Peniche filmaba una escena en la que debía asesinar a un hombre, todo se encontraba preparado, la cámara comenzó a filmar y al grito de acción se desarrollaba la secuencia, el extra que acompañaba a Flavio era Antonio Velasco, mejor conocido como El Flaquito, sin embargo, al accionar la pistola, ésta se encontraba cargada con balas reales y no de salva, provocando la muerte de Velasco.

El crudo episodio quedó registrado en video y la noticia fue retomada por espacios informativos alrededor del mundo.

Peniche había asesinado a un hombre accidentalmente, algo que no lo eximió de haber sido responsabilizado por homicidio culposo, siendo recluido en una prisión de Morelos, teniendo que pagar dos fianzas por un total de un millón de pesos para enfrentar el proceso en libertad.

El video que existe del asesinato accidental permite ver que la producción del videohome era precaria. El asombro de quienes participaron en su realización es absolutamente genuino.

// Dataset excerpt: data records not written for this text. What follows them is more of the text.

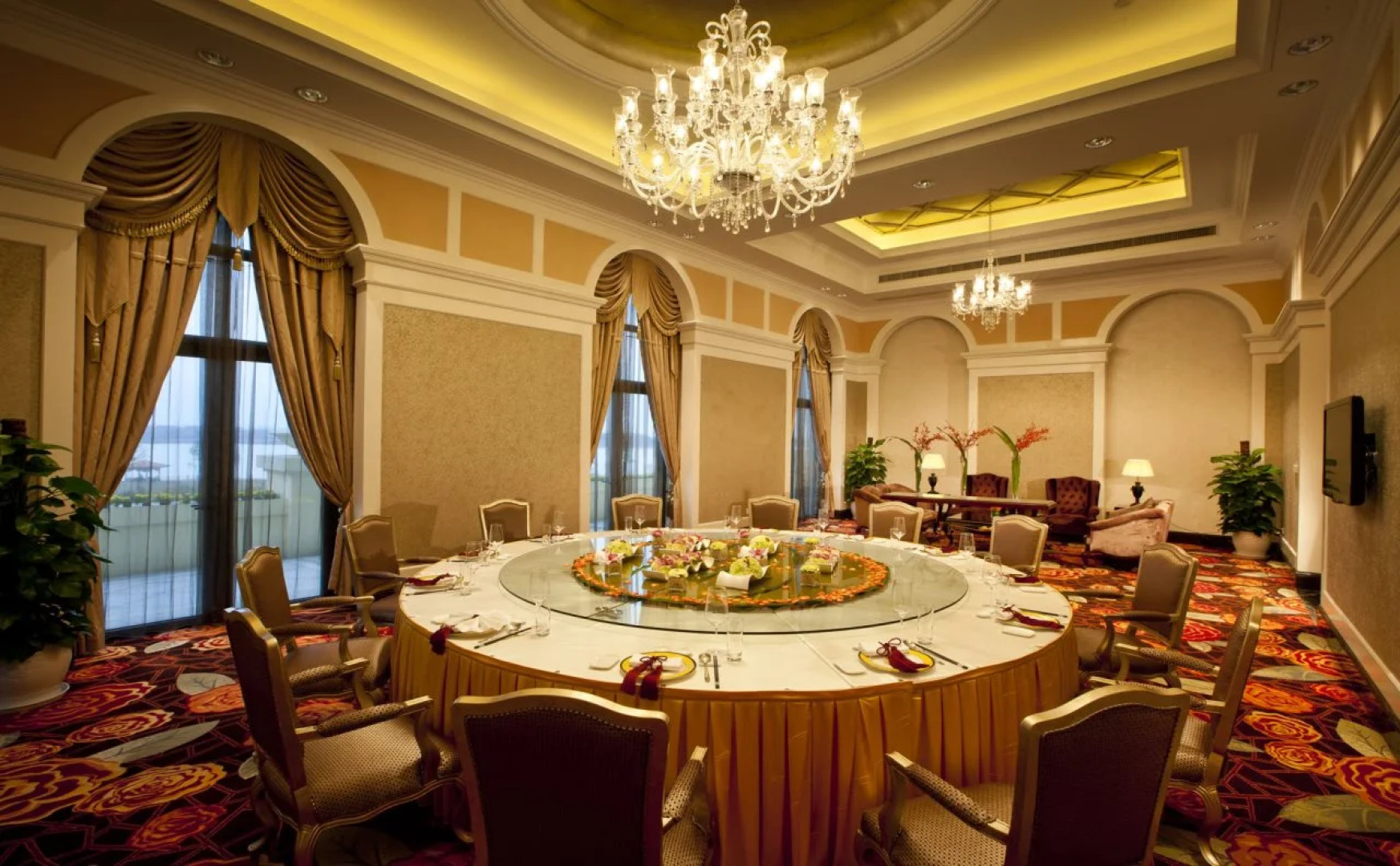 Yiwu Yourworld International Conference Centre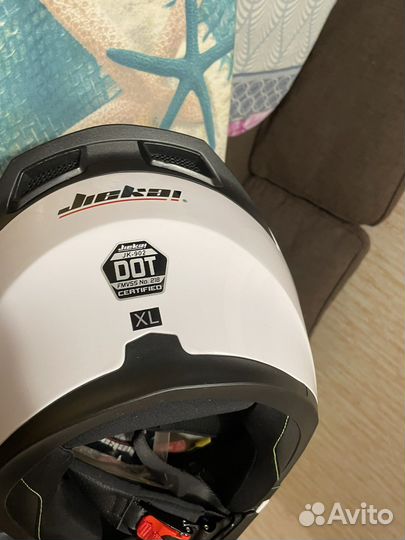 Шлем модуляр новый Jiekai размер XL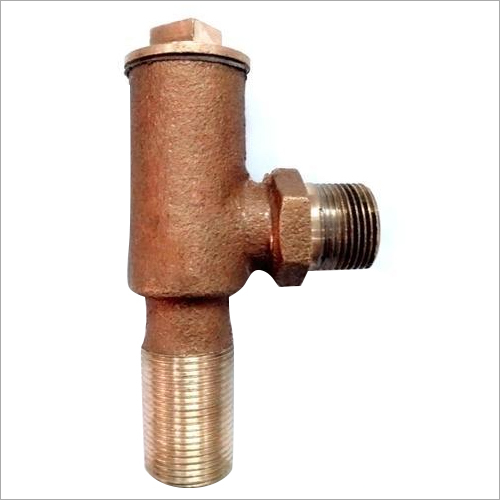 Gun Metal Ferrule Cock - Material: Gun Metal Size: 15 mm - 50 mm | Durable Design for Reliable Connections and Enhanced Performance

Dicha experiencia cambió la vida de Flavio Peniche y su familia, quien lo apoyó en todo momento, convencida de que todo se trataba de un terrible accidente.

A pesar de que Peniche fue señalado como responsable, a 12 años del hecho no se aclararon las interrogantes acerca del origen de la pistola y de por qué se encontraba cargada con balas reales.

La carrera de Peniche resurgió tras Juana, La Alacrana, participando en algunas telenovelas producidas por Azteca. Incluso se mencionó que podría participar en la serie que Estrella TV preparaba, basándose en la vida de Jenni Rivera, proyecto que finalmente no se cristalizó.